But back to the song …

I think we came close to copping the Willie Nelson spirit and sound. Joe and I played the guitar duet, trying to faithfully re-create the one you hear in Willie’s old movie, “Honeysuckle Rose.”

Judge for yourselves by singing along with the lyrics. Better yet, listen to our production at www.spokesmanreview.com.

Oh. And no, I’m not expecting you-know-who for Thanksgiving.

On the Lam Again

On the lam again,

Eddie Ray is on the lam again.

Busted outta jail and headed for Spokane.

Eddie Ray is on the lam again.

On the lam again.

Eddie Ray is on the lam again.

Hopped a fence to spend Thanksgiving with his friends.

Eddie Ray is on the lam again.

Just like Jesse James,

Butch and Sundance, ol’ Eddie loves a crime spree.

That’s how he made his name.

You’d think with all he’s done ol’ Eddie would be history.

But it’s a mystery.

On the lam again.

Eddie Ray is on the lam again.

He stuck a knife up to the neck of his good friend.

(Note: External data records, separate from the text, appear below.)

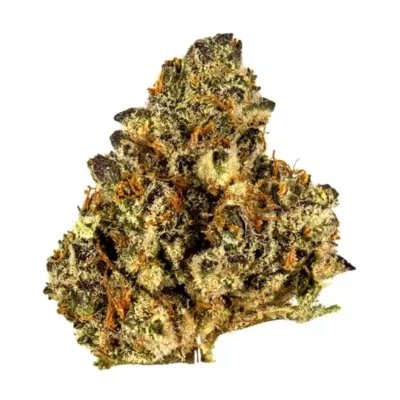 Dried Wedding Pie cannabis buds with frosty trichomes, deep green and purple hues, and orange pistils, displayed on a clean white background.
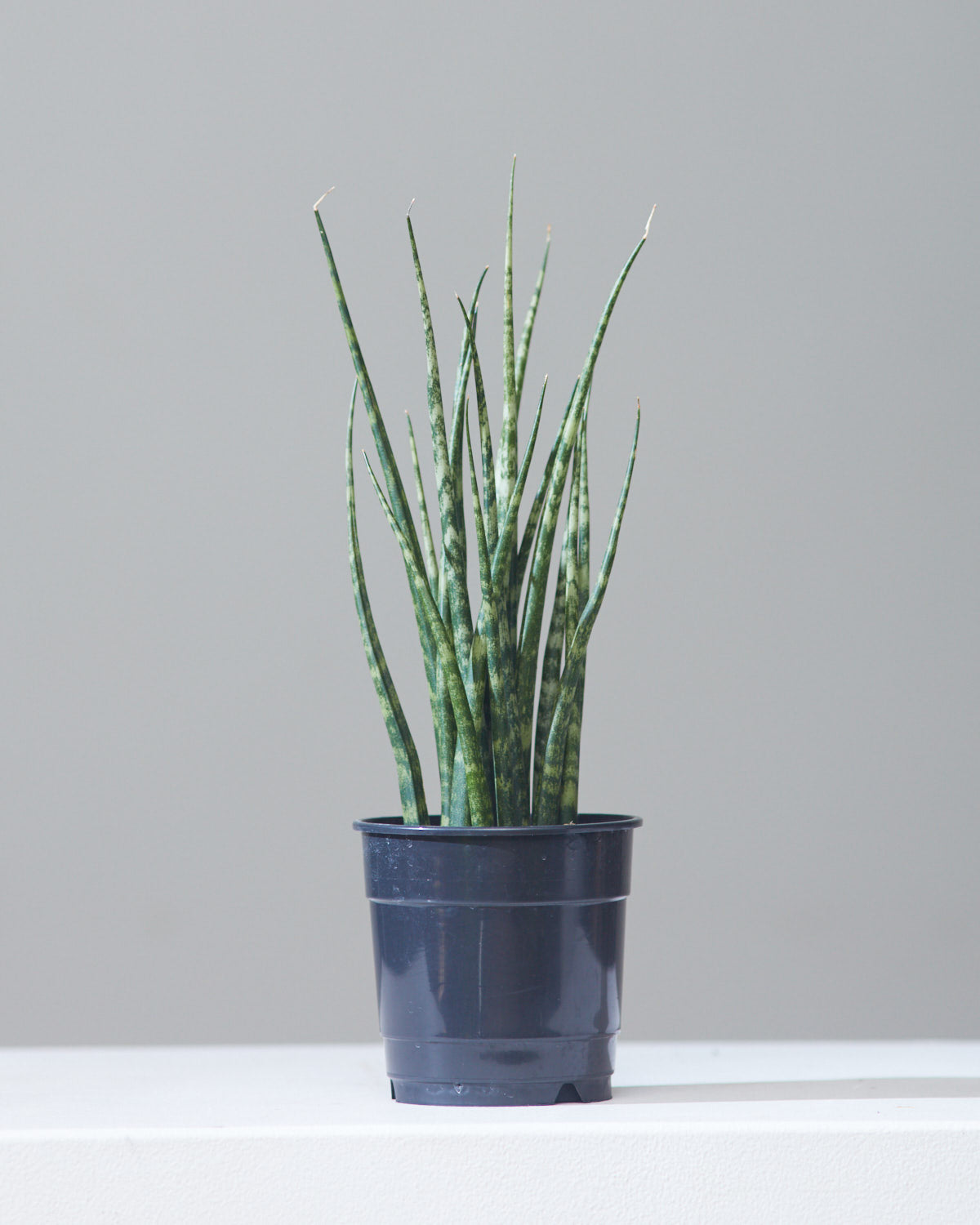 Fernwood Mikado Snake Plant: Sansevieria bacularis - 5 inch pot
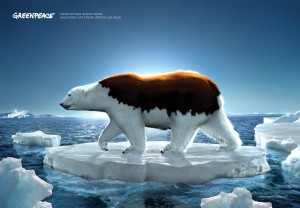 greenpeace-bear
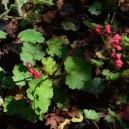 Heuchera sanguinea 'Leuchtkäfer'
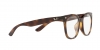 RX4379VD Eyeglasses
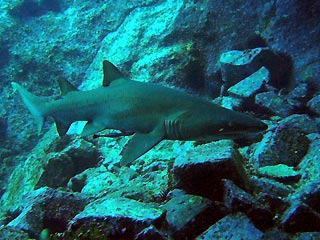 Grey Nurse Shark (<em>Carcharias taurus</em>)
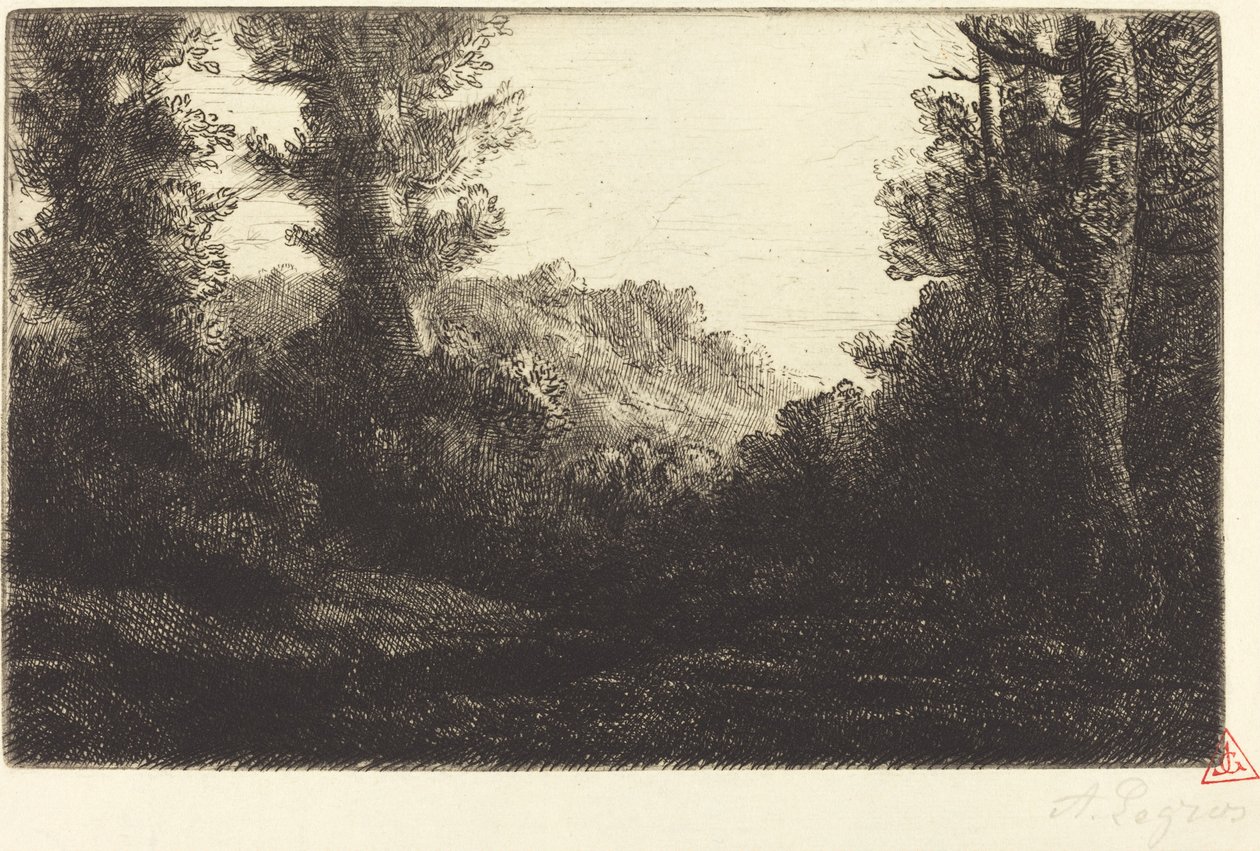 Edge of a Wood Lisiere de bois. av Alphonse Legros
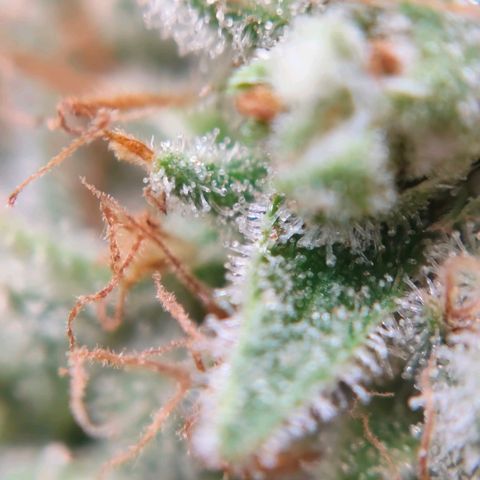 Runtzy growlog photo: Harvest time. Not a super great haul but also not too bad with a standard 100watt LED grow light. Have to weigh it still. 
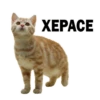 Kittens 18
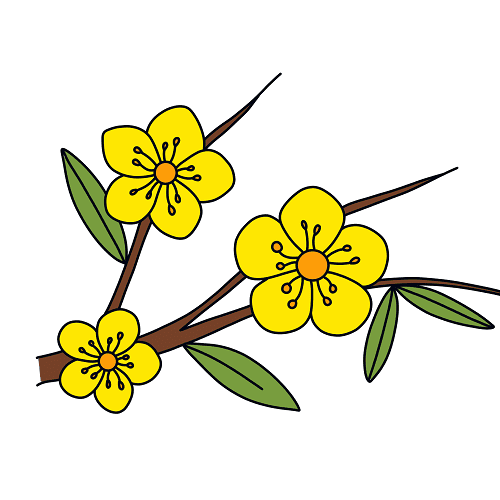 Dessin Fleur D’abricot
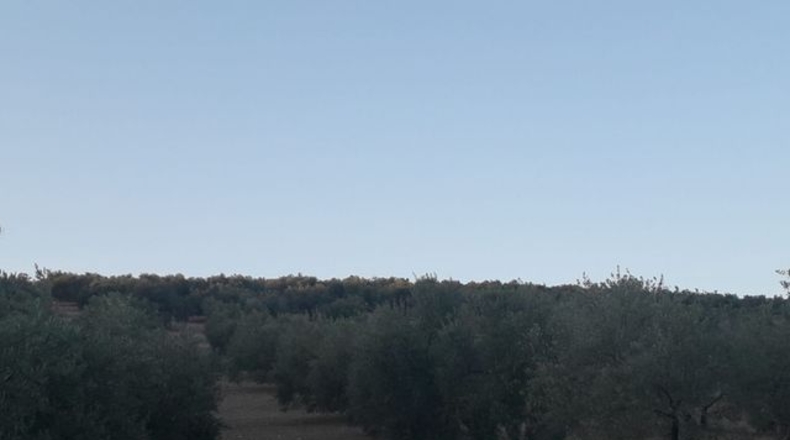 Málaga - Archidona - 2m2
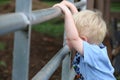 Young caucasian boy looking through the farm gate into the pasture Royalty Free Stock Photo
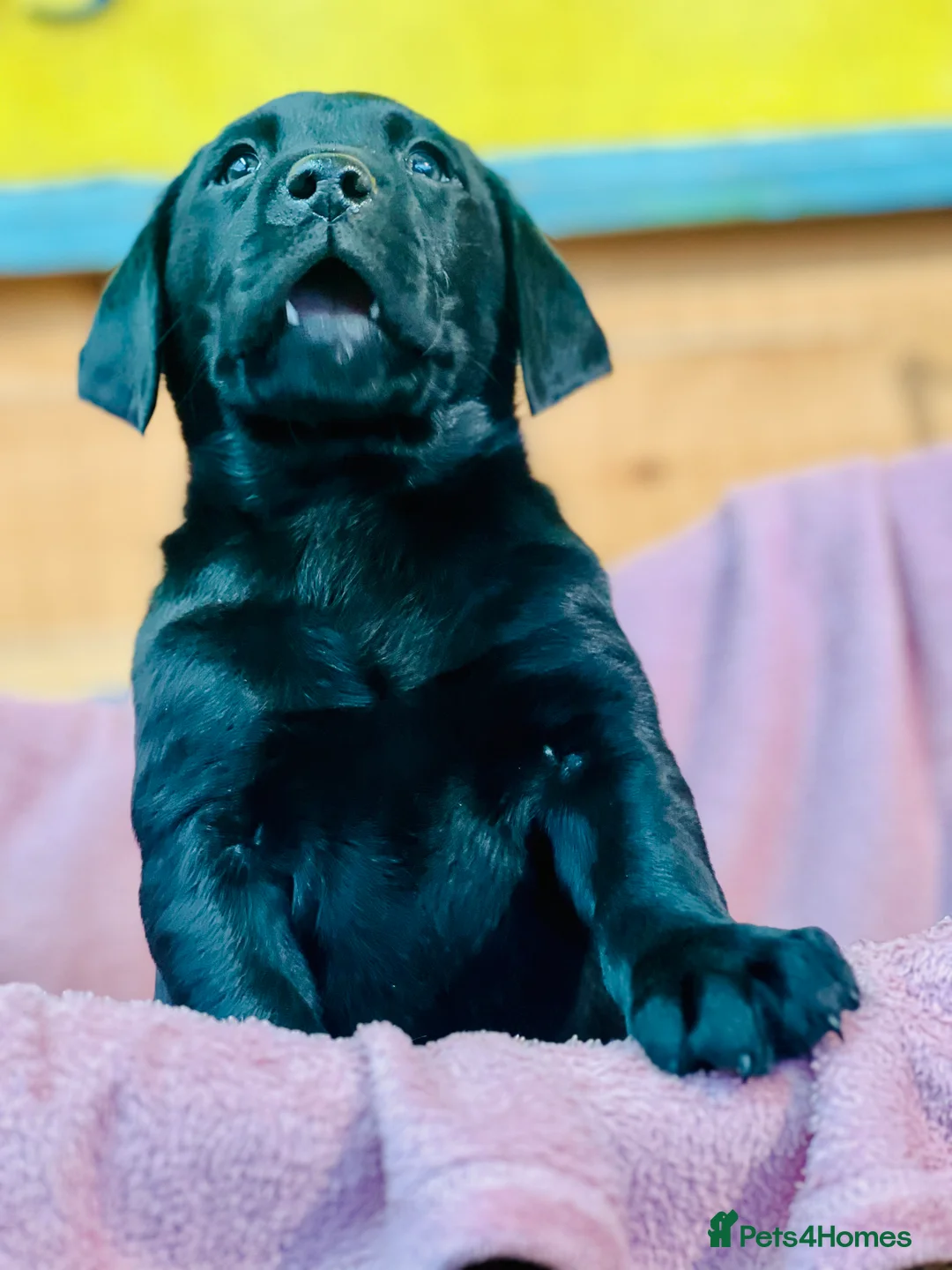 Labrador Retriever dogs for sale: KC Labrador Pups Chunky Traditional  Working - Advert 19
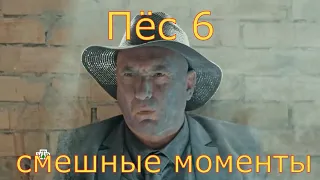 Пёс 6 (5) Гнездилов - смешные моменты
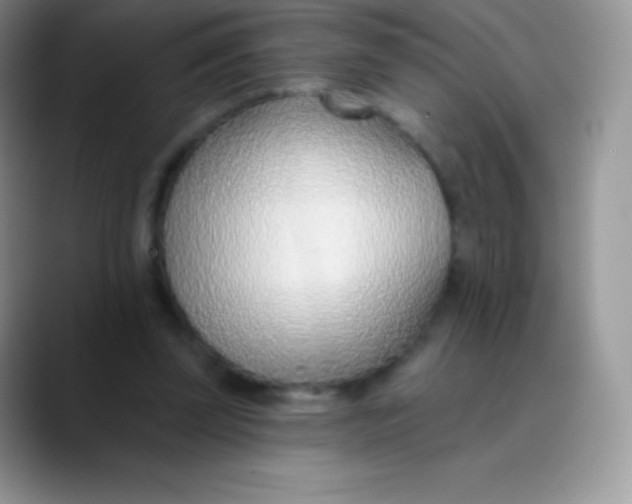 X0000089860347200707191924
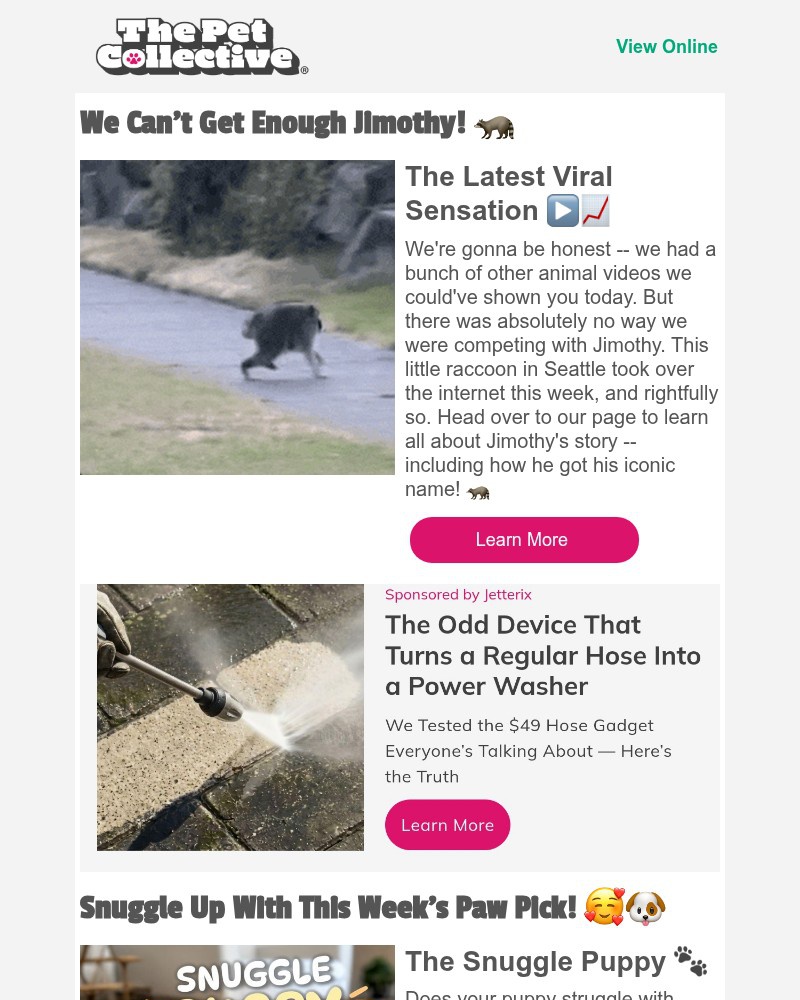 Screenshot of email with subject /media/emails/all-hail-jimothy-king-of-raccoons-b5c888-cropped-1a8061d9.jpg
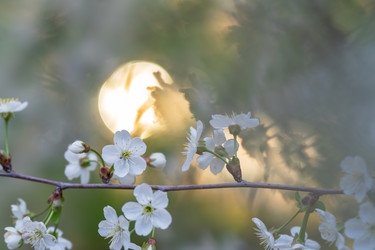 Similar image 21441511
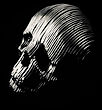 fd skull 1.jpg
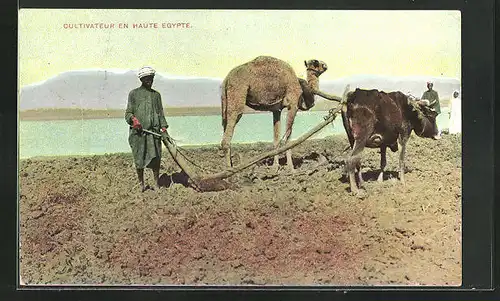 AK Egypte, Cultivateur en Haute, Kamel und Ochse am Pflug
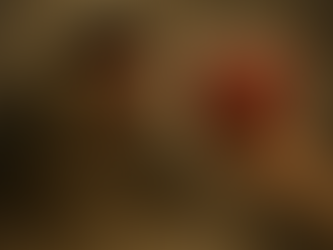 Cicatrizes Contam Histórias: Quando a Dor se Torna Testemunho.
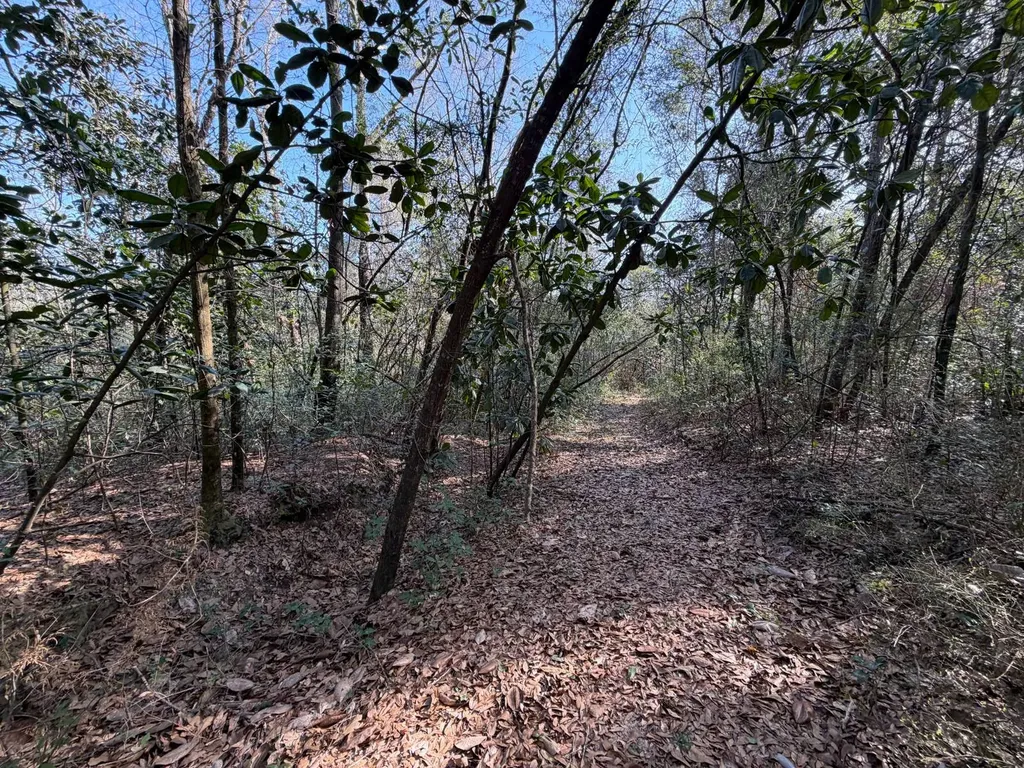 0 River Road North Daphne AL 36526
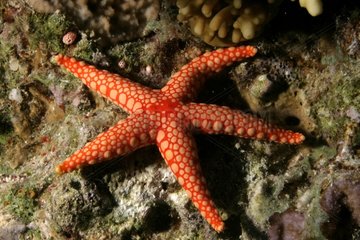 Peppermint sea star Red sea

Says, “I ain’t goin’ back to jail again.”

On the lam again,

Hiding out and laying low – that’s Eddie Ray’s plan.

It’s a crazy game.

Daring every cop to take him in if they can.

Well, he’s a wanted man.

On the lam again,

Eddie Ray is on the lam again.

His entire life has been just one long scam.

Eddie Ray is on the lam again.

He’ll be scorin’ dope – he’s on the lam again.

Better lock your doors, he’s on the lam again.